TSA's old Rapiscan technologyThe Transportation Security Administration (TSA) has beat a deadline to stop conducting its controversial “backscatter” security scans (shown at right) displaying graphic representations of your naked body to government workers.

The new scanning technology uses radio waves to conduct a search, which is thought to be safer than the X-rays used by the older technology. Now, Instead of airport scanners showing detailed images of your body to strangers, TSA agents will see a generic human image that represents you. A small colored box will appear on the screen if a suspicious item is detected.

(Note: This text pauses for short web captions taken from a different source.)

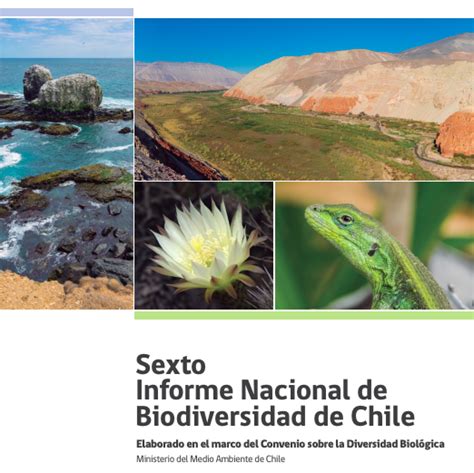 Ministerio Del Medio Ambiente Presenta Sexto Informe Nacional De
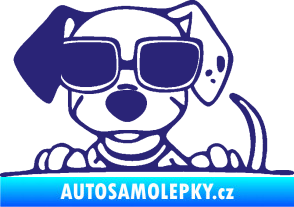 Samolepka Pes s brýlemi 101 levá v autě střední modrá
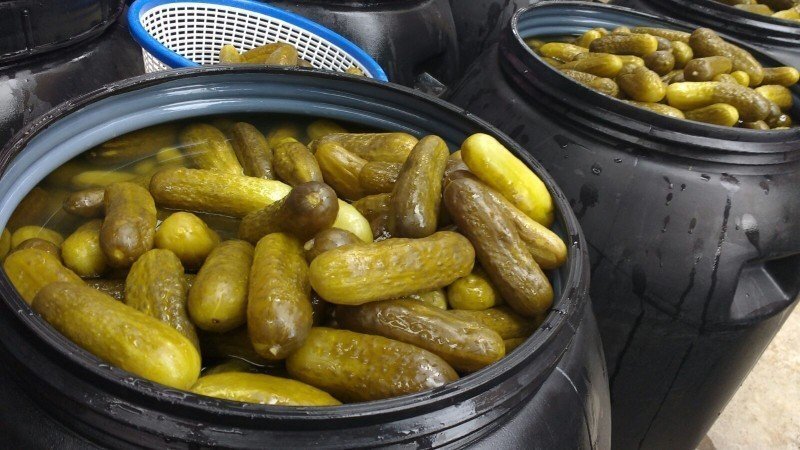 Соленья в бочке. Соленые огурцы в бочках. Помидоры бочонок. Соление арбузов в бочке. Соленья в бочках.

Congress passed a passenger privacy law in 2012 demanding the TSA revise its intrusive protocol and switch to this kind of less-invasive scan. Airports had until June 1, 2013 to replace older scanners with new technology, and according to TSA head John Pistole, all airports were outfitted with these radio wave scanners by May 16.

Though the new scans go much further to protect your privacy, there are still plenty of privacy-related questions yet to be answered, such as whether or not data from these new scans will be saved. Privacy advocates are concerned that, despite the government's effort to make these scans less intrusive, potentially identifying information may still be stored on a short- or even long-term basis.

There’s nothing fun about going through airport security, and while better technology won’t make the experience more enjoyable, at least you can rest easy that a stranger isn’t viewing you naked anymore. And if you want to make your trip through security even faster, you may want to consider investing in a TSA-approved laptop bag to keep all hangups at a minimum.